Ressalte-se que, mesmo em meio à situação de exceção vivenciada, não é recomendável a concessão de descontos de encargos ou isenções do pagamento das quotas condominiais para as unidades, sob pena de responsabilização do síndico ou administrador e, pior, de deixar o condomínio sem receita para fazer frente às suas despesas. A assembleia geral é o único órgão com poderes para abrir mão de receita do condomínio e, ainda assim, poderá ser questionado. Desse modo, é sempre importante o síndico solicitar apoio jurídico antes de adotar qualquer medida, a fim de evitar a adoção de medidas que infrinjam dispositivos legais ou convencionais.

Pode ser conveniente considerar alguns ajustes nas despesas do condomínio com a finalidade de preservar a receita de forma a suportar eventual aumento da inadimplência dos condôminos nesse período. Essa tarefa exige criatividade e muita disposição.

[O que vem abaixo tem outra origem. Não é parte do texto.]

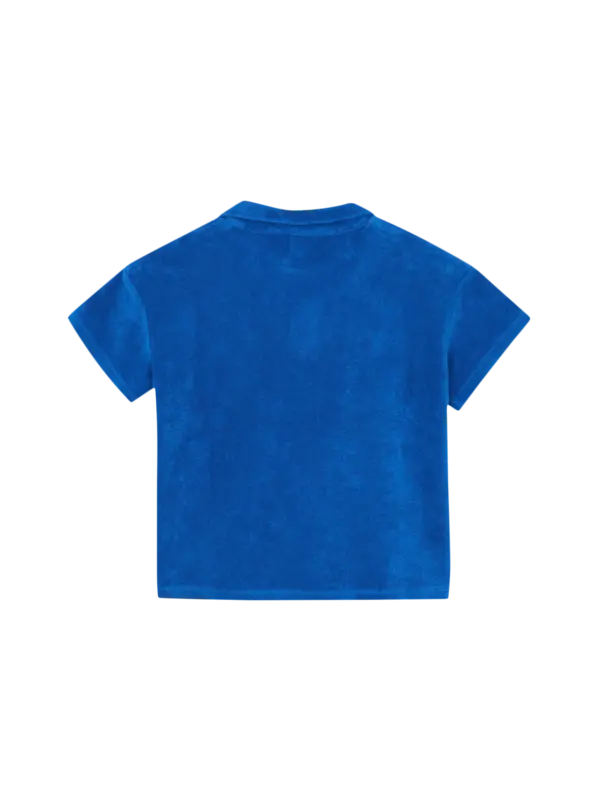/original/BT_BC11003_TART_400_3.png_convert-600x800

Algumas sugestões para redução dos gastos são:

1.    Negociar com eventuais fornecedores, especialmente aqueles cujas despesas não sejam ordinárias;

2.    Estabelecer prioridades adiando despesas que podem ser adiadas como paisagismo, decoração da área comum, instalação de equipamento de esportes, dentre outros;

3.    Negociar a suspensão temporária de alguns serviços, como por exemplo a manutenção da academia e da piscina que permanecerão interditadas durante o período da pandemia;

4.    Suspender, temporariamente e se possível, mediante autorização da assembleia, os pagamentos de taxas extraordinárias de obras e serviços ainda não iniciados.

De toda forma, o importante é que o gestor, prevendo o aumento da inadimplência em decorrência da crise financeiro-econômica, crie soluções e estabeleça planos consistentes de ação, para que não tenha um aumento exponencial da inadimplência e a consequente insolvência do condomínio.

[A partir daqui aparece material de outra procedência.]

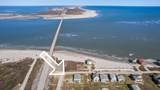 13239 Gulf Beach Drive - Photo 29
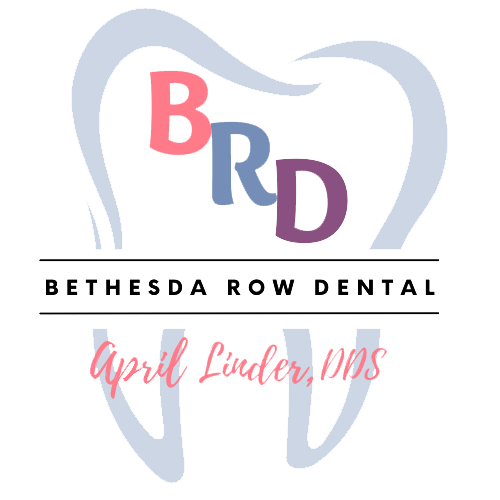 Best Dentist Near Me in Bethesda MD 20814 Bethesda Row Dental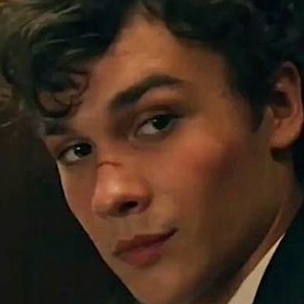 Chat with Matheo, the  character AI chatbot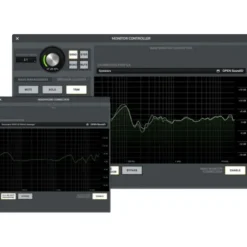 Sonarworks SoundID Ref Multich Apollo Bdl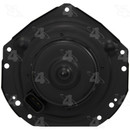 Four Seasons HVAC Blower Motor 35406 - view 5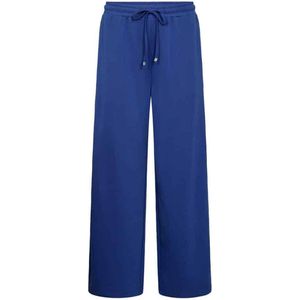 Freequent broek FQyr 206117 maat M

Nesse diapasão, é fator determinante a orientação de profissionais qualificados e experientes na tomada de decisões nesse momento de crise, bem como para a efetiva cobrança dos inadimplentes. Algumas empresas, inclusive, já reforçaram as equipes para intensificar as cobranças de forma adequada.

Sabe-se que, além da pandemia, a mudança ocorrida no Código Civil de 2002, que reduziu a multa moratória dos quotas condominiais para 2%, já desestimulou a pontualidade. Segundo os que militam na área, a limitação da multa configurou um retrocesso e em nada beneficiou os condomínios, pois a multa de 20%, anteriormente estabelecida, considerada alta, estimulava a pontualidade.

Ademais, diante do alto custo do processo judicial, muitas condomínios não se sentem estimulados a discutir pequenos valores, levando-os à omissão e à falta de rigor, o que, também, estimula a inadimplência. Acresça-se o fato de que, à ausência de orientação profissional, muitos gestores, no afã de receber, o fazem sem acréscimos legais, estimulando ainda mais a inadimplência. Com tudo isso, muitos condôminos priorizam o pagamento de outras dívidas, relegando o das taxas condominiais, deixando o condomínio, muitas vezes em verdadeira situação de insolvência.

Tal situação não pode prevalecer. É preciso usar estratégias corretas de cobrança para minimizar os efeitos deletérios da inadimplência, mesmo em tempos de adversidade.

De toda sorte, como o vivemos um momento singular e de profunda crise em que todos os setores têm sido afetados, recomenda-se:

1.    Aos gestores, cercar-se da melhor assessoria possível, pautando suas ações e decisões na Lei, nos instrumentos normativos do Condomínio e, especialmente no bom senso;

2.    Aos condôminos, procurar manter em dia o pagamento de suas taxas condominiais e, quando não for possível, procurar o condomínio, o mais brevemente possível, para a negociação do débito, a fim de evitar maiores transtornos decorrentes do débito.